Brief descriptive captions
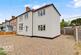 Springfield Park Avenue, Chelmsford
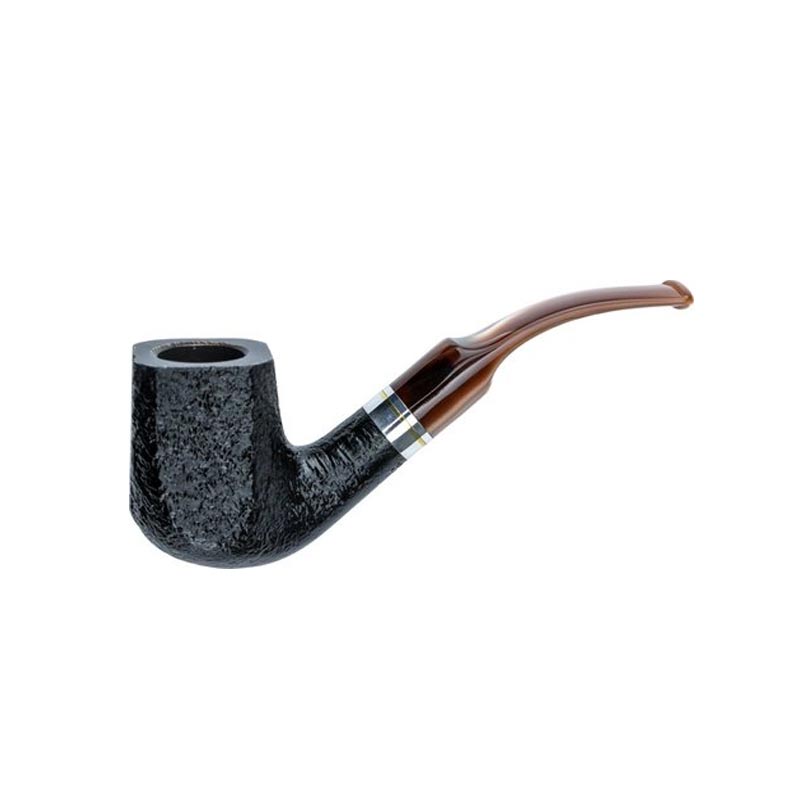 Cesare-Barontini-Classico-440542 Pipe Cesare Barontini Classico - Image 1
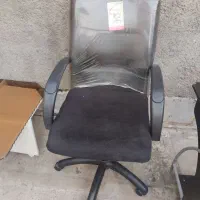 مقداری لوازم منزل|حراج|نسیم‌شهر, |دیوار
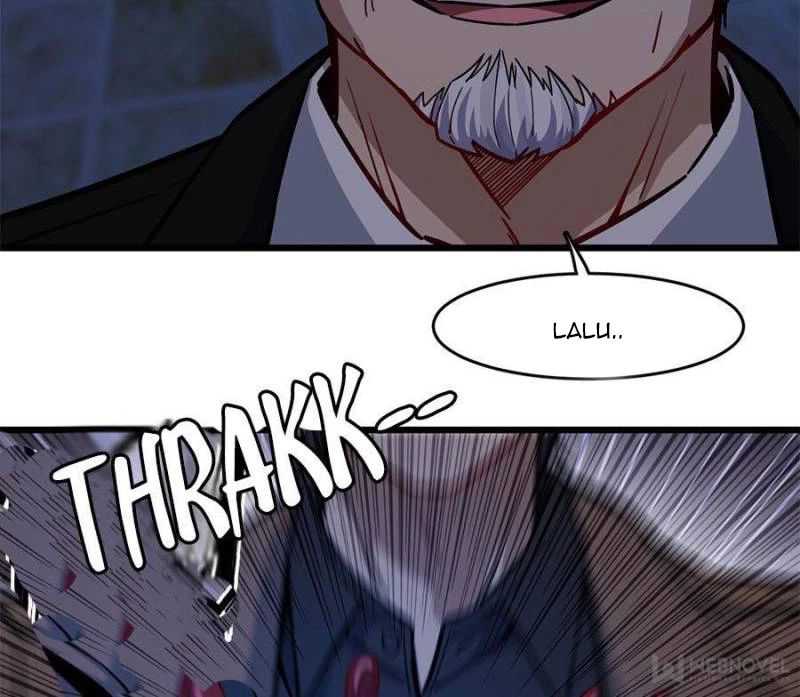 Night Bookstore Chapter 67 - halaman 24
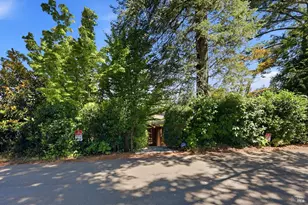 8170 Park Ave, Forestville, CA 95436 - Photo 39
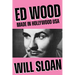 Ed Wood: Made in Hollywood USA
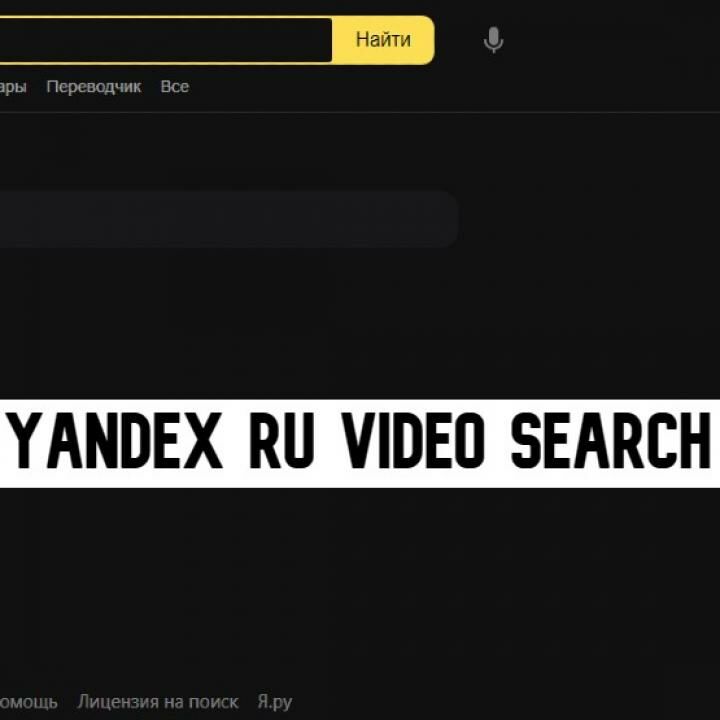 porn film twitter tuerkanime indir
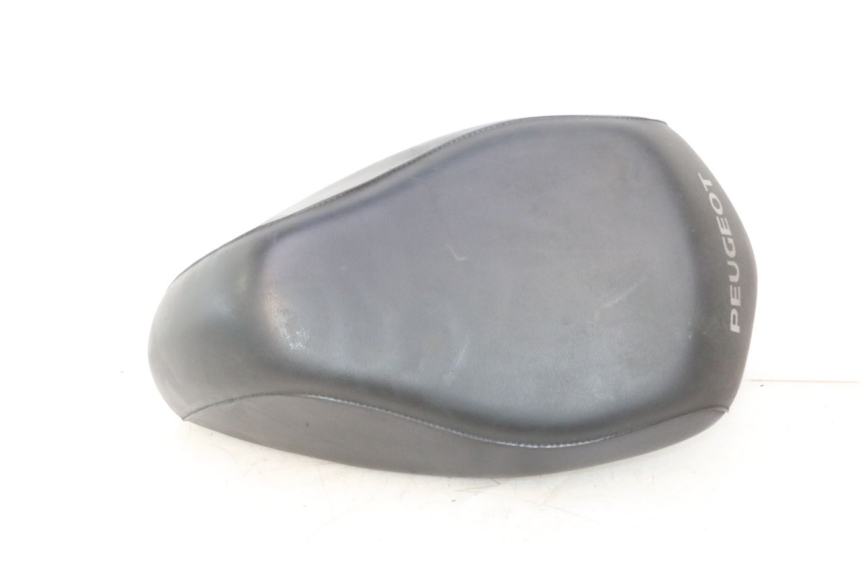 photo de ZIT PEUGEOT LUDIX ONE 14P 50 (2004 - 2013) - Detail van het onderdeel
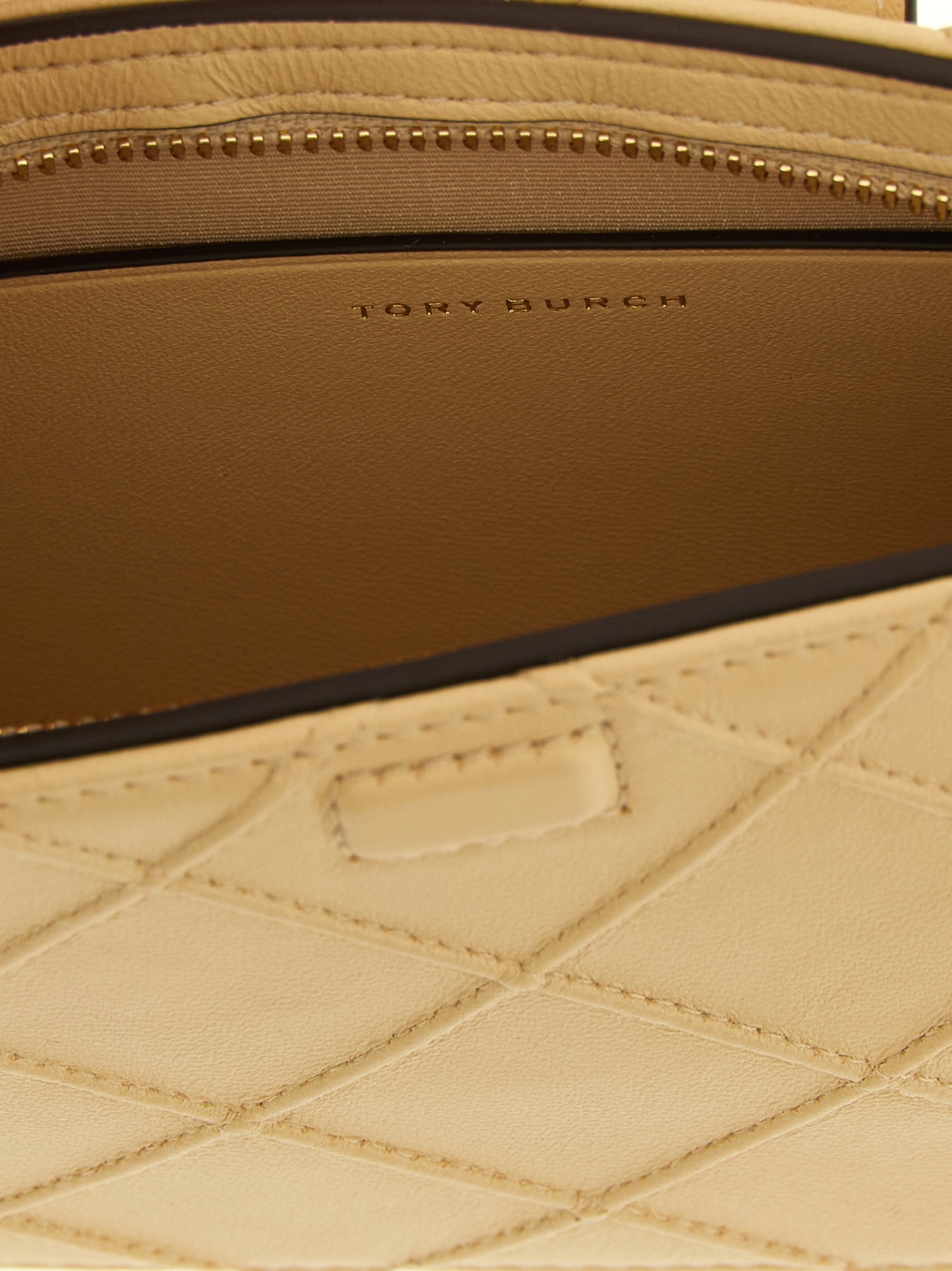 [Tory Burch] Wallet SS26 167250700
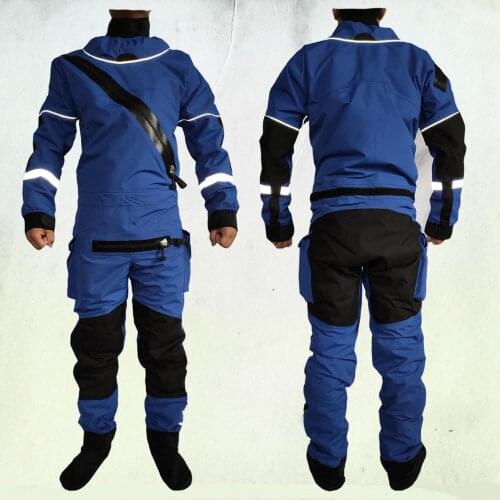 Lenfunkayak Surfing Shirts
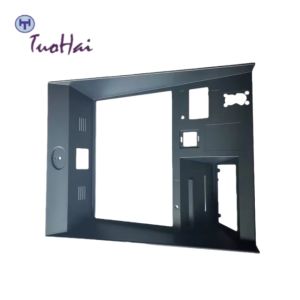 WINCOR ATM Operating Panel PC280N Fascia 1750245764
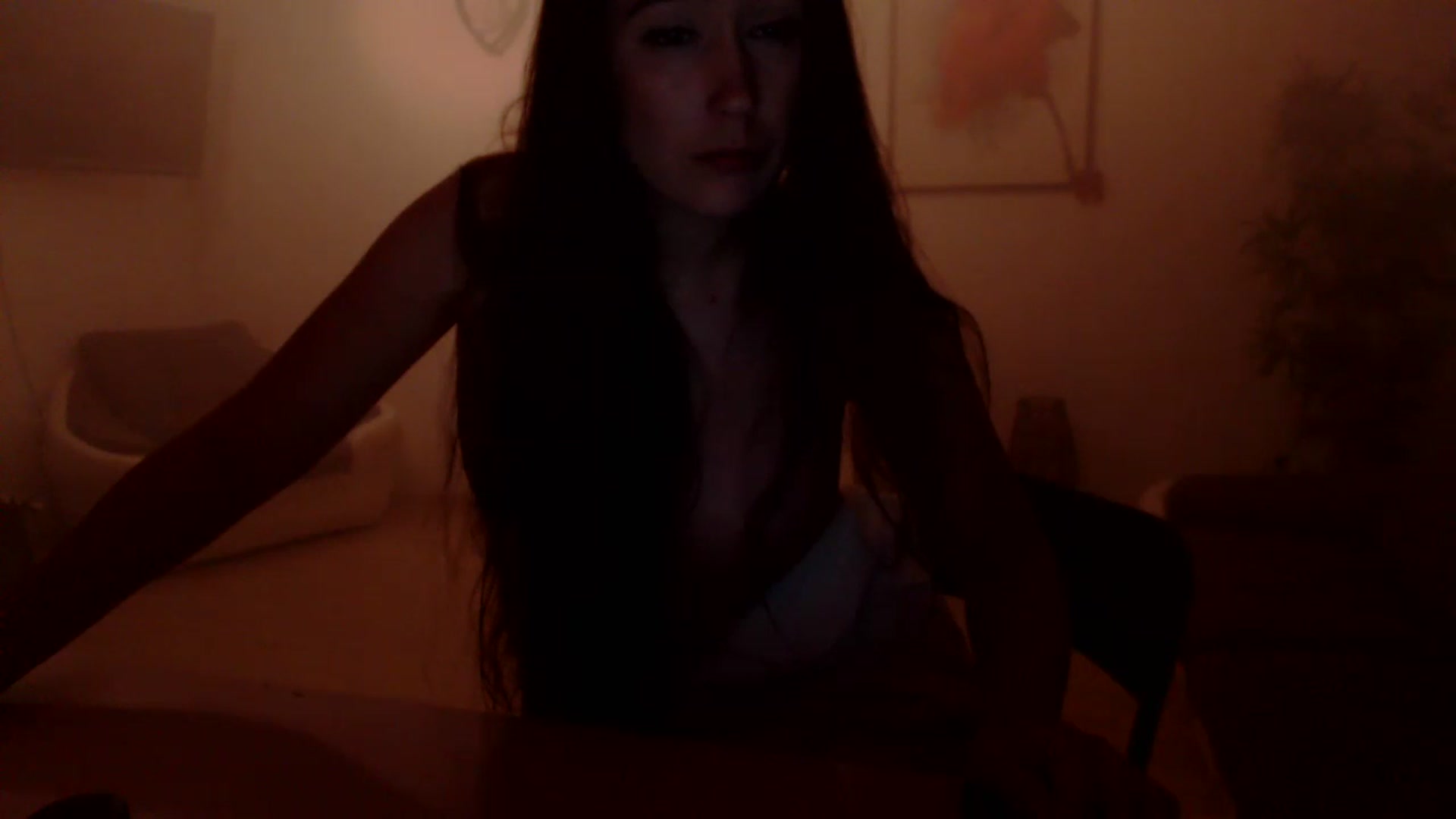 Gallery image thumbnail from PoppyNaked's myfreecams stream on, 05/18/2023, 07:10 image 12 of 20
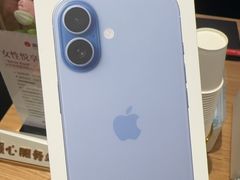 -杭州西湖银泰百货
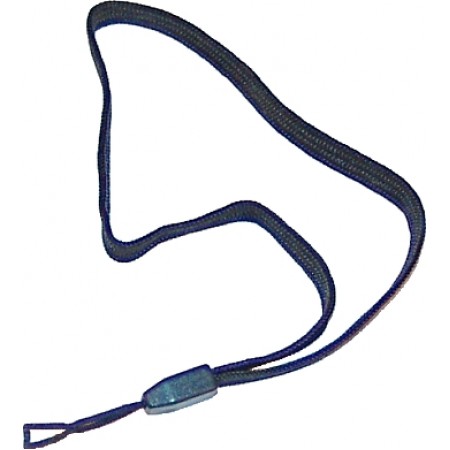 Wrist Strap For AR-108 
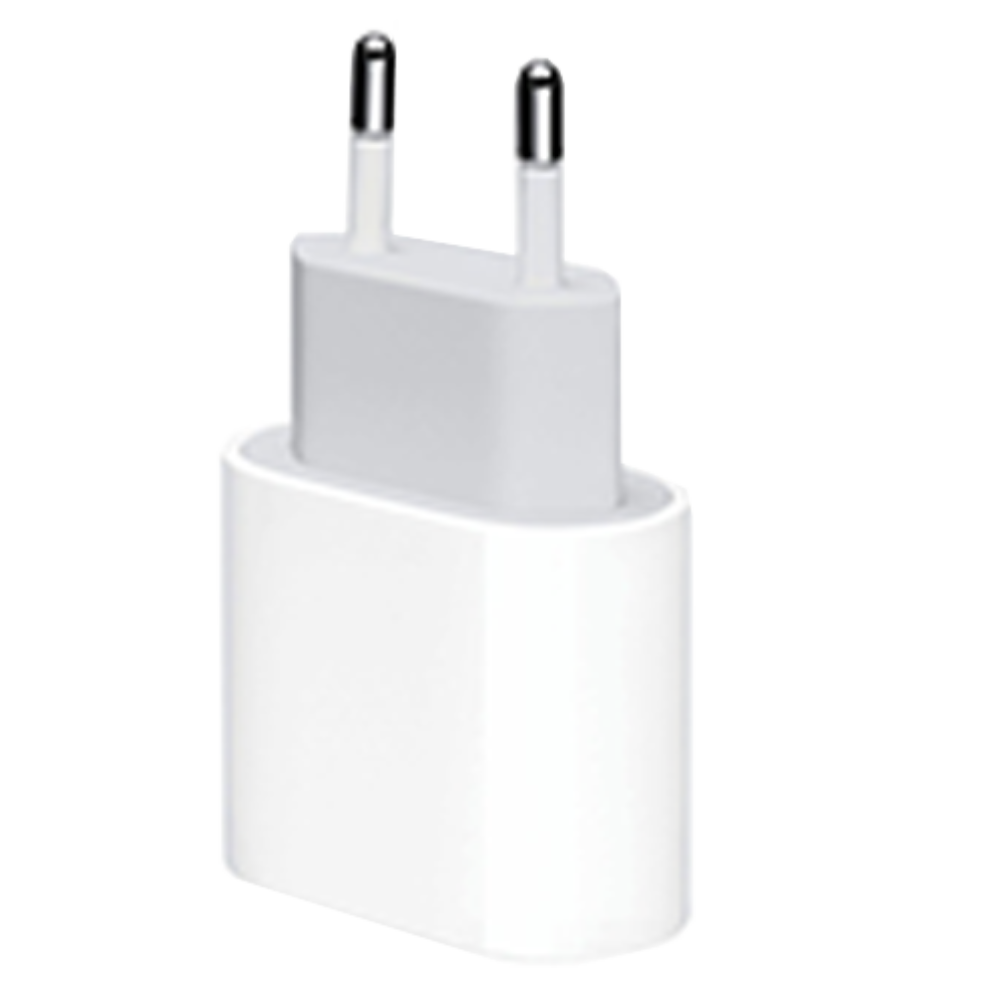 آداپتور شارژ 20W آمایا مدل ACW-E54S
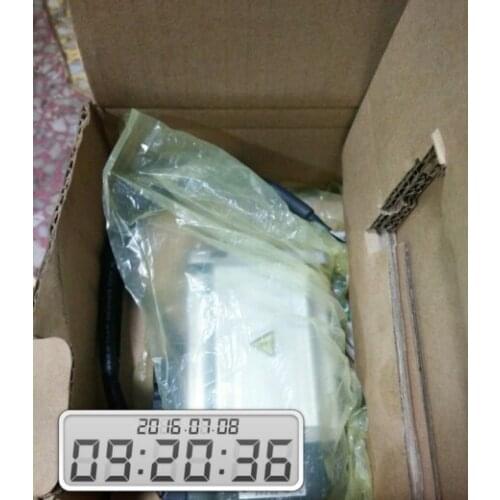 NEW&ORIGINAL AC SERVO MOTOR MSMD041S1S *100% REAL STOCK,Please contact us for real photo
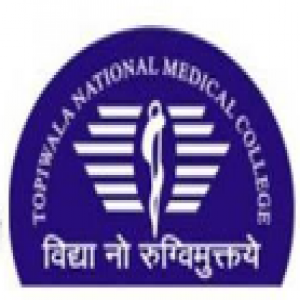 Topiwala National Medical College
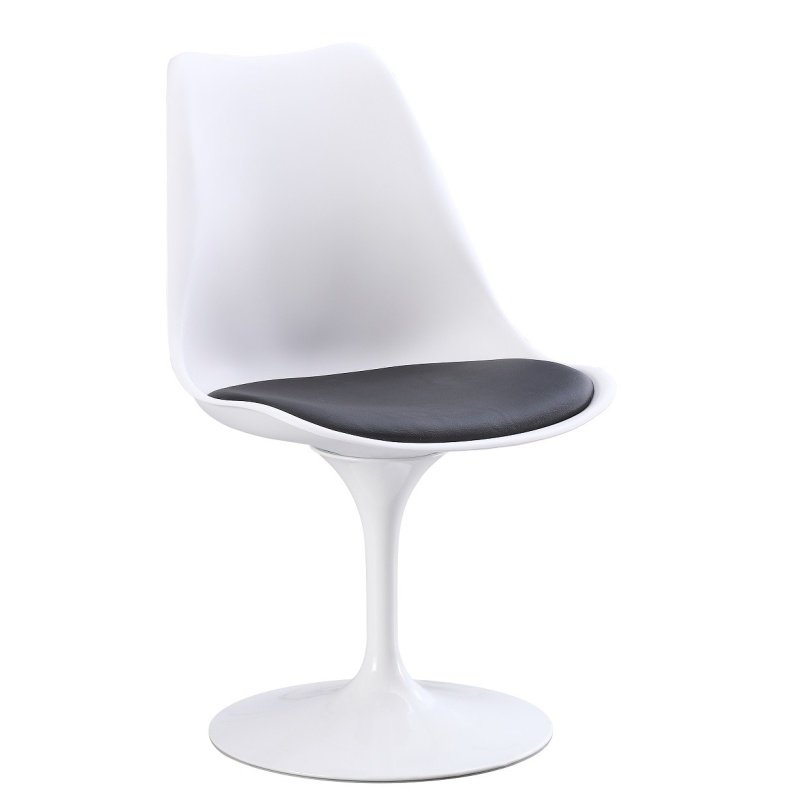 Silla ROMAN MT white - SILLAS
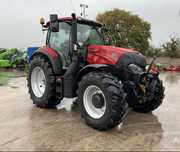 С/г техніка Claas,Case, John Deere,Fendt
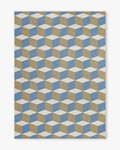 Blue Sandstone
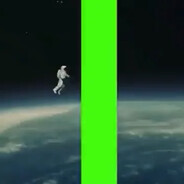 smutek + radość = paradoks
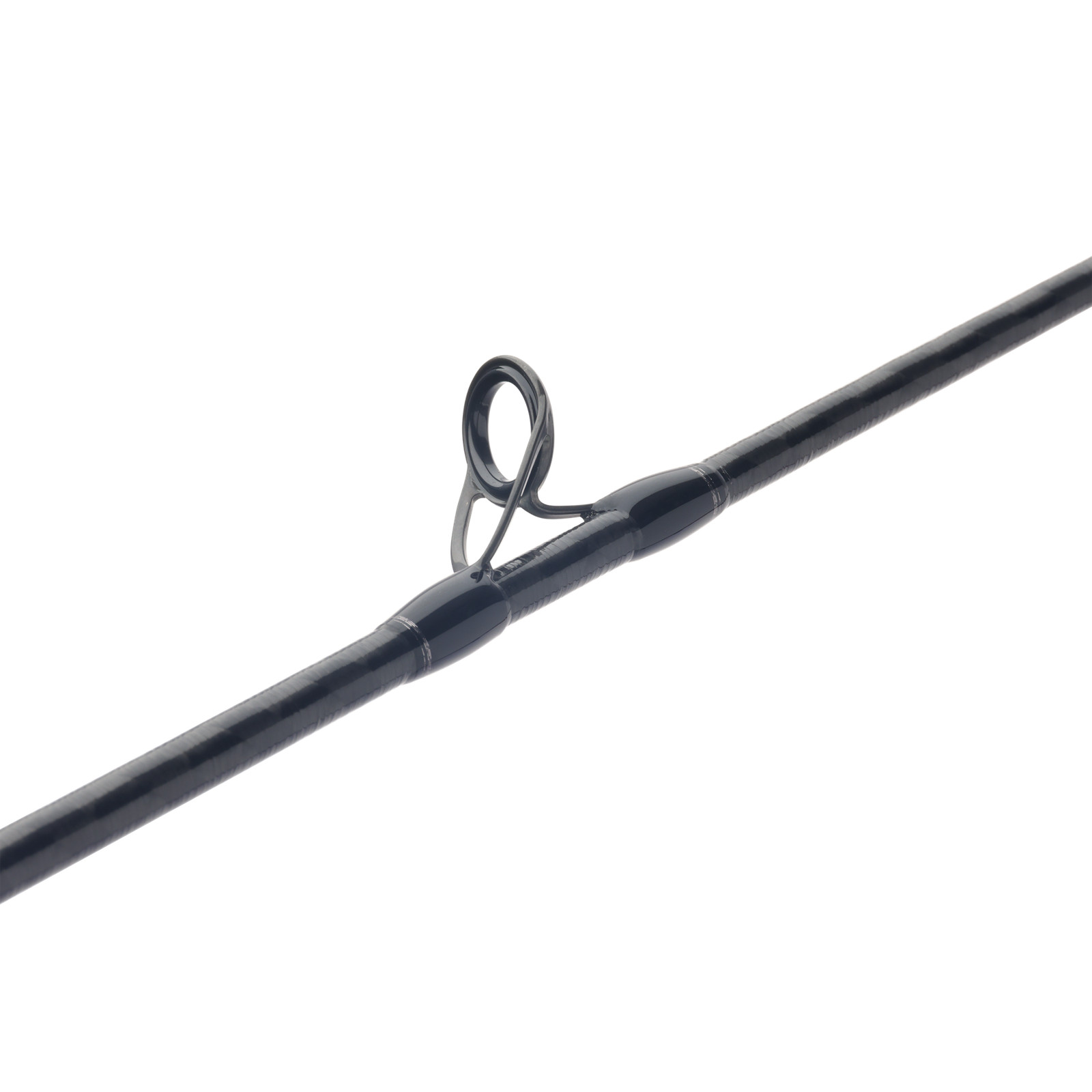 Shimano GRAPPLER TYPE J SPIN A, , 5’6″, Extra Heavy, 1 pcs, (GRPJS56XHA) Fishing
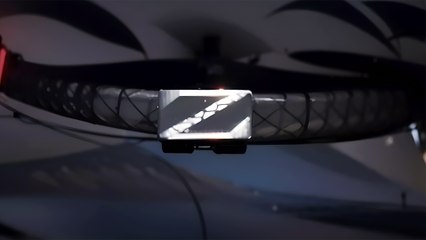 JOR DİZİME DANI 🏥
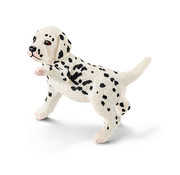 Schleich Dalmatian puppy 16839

- **Task description**
The answer consists of the lines from the one holding "Shimano GRAPPLER TYPE" to the end of the records, inclusive, restated exactly and without pictures.

- **Written response**
 Shimano GRAPPLER TYPE J SPIN A, , 5’6″, Extra Heavy, 1 pcs, (GRPJS56XHA) Fishing
 JOR DİZİME DANI 🏥
 Schleich Dalmatian puppy 16839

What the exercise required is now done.